Int J Clin Pract. 2009 Jul;63(7):1085-94. Cognitive toxicity of pharmacotherapeutic agents used in social anxiety disorder.

J Clin Psychopharmacol. 2002 Jun;22(3):285-93. Long-term benzodiazepine use and cognitive decline in the elderly: the Epidemiology of Vascular Aging Study.

Drugs Aging. 1999 Jul;15(1):15-28. Drug-induced cognitive impairment in the elderly.

J Clin Psychiatry. 2004;65 Suppl 5:7-12. Issues in the clinical use of benzodiazepines: potency, withdrawal, and rebound.

Addendum to last post

Since my last post, several people have written to say that I sounded discouraged. I don’t feel discouraged.
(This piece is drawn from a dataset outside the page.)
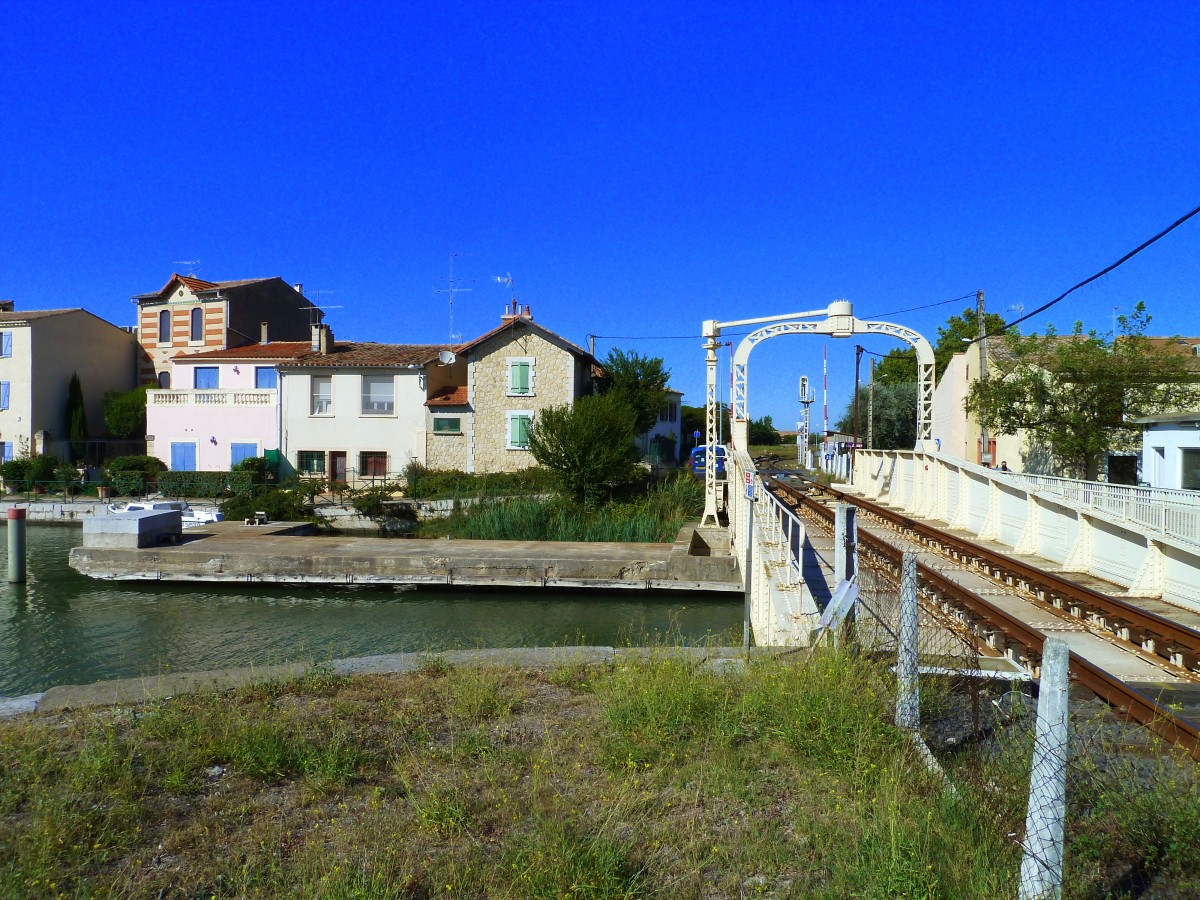 Frankreich, Languedoc, Gard, Aigues-Mortes. Die Drehbrücke über den Kanal auf der Eisenbahnlinie (Nîmes -) Saint-Césaire - Aigues-Mortes - le Grau-du-Roi. Nun kann der Triebwagen vom Grau du Roi nach Nîmes über den Canal du Rhône à Sète fahren. Fotografiert beim Kreisverkehr, den die Bahn hier durchquert (siehe Karte). 13.09.2014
I feel realistic. It’s too bad that it didn’t turn out to be a fairy tale, but I really didn’t expect it to. We are improved. Relief is relief. For now, I’m thrilled to have a finger in the dyke.

I didn’t report more specifically about responses to treatment other than ours, because the information available to me is spotty and some of it is hearsay. It is really only fair for me to talk about us. But since I did attempt to summarize very generally, I would like to add that when I said that some people on treatment aren’t better, length of time since starting is variable as is the choice of drugs. When I said people hadn’t tolerated the drugs, I was talking about very abortive attempts to get started. Also these people haven’t given up. False starts are to be expected under the circumstances. It was my intention to report only in the most general terms, in an attempt to give an impression of what it is like to get started. It’s ridiculous that we all have to try to figure it out this way. We need a real clinical study!

So I’m not discouraged. I’m angry. My disappointment in my colleagues is profound, with pathetically few exceptions. People write to me asking if they should go to this one or that one, try this protocol or that. To the doctors I say: It’s the virus stupid. You’re not going to stop a retrovirus with the wrong antivirals, ever more sophisticated combinations of antibiotics or any amount of supplements. I understand the reasons why it became this way, but I don’t understand any longer.

We’ve been given the answer and almost nobody is running with it. Why are these doctors still telling their patients that it’s better for them to adhere to the same old half-baked ideas that haven’t worked than try specific treatment for what they have? Better to keep their captive audience. If these drugs work, patients will be able to be treated through normal channels. They won’t have to travel and spend ridiculous amounts of money on uncovered treatments that are often worthless or dangerous. I’ve never seen a group of people so invested in their own ideas as the doctors caring for these patients. It’s like they’ve been in the dark so long, they can’t stand the light.

Why has mainstream medicine abandoned us? It’s because of doctor discomfort with not knowing what to do with a patient that doesn’t fit. Easier to blame the patient. Also the disease makes the patients “crazy”, but still smart enough to read, thus knowing more than the doctors. All worsened by the insurance companies practicing medicine, the loss of the doctor-patient relationship which is essential to the treatment of chronic illness and, of course, the government not doing its job to inform the doctors of what they should have known long ago.

To my colleagues: You are sleeping with the enemy. Here’s your chance to be a hero. There are still people out there who believe that HIV doesn’t cause AIDS. What are you planning to do? Wait for the government to tell you the obvious? Wait for the insurance companies to tell you it’s a good idea to treat? Some of us will be dead by then. Get a clue and help your patients!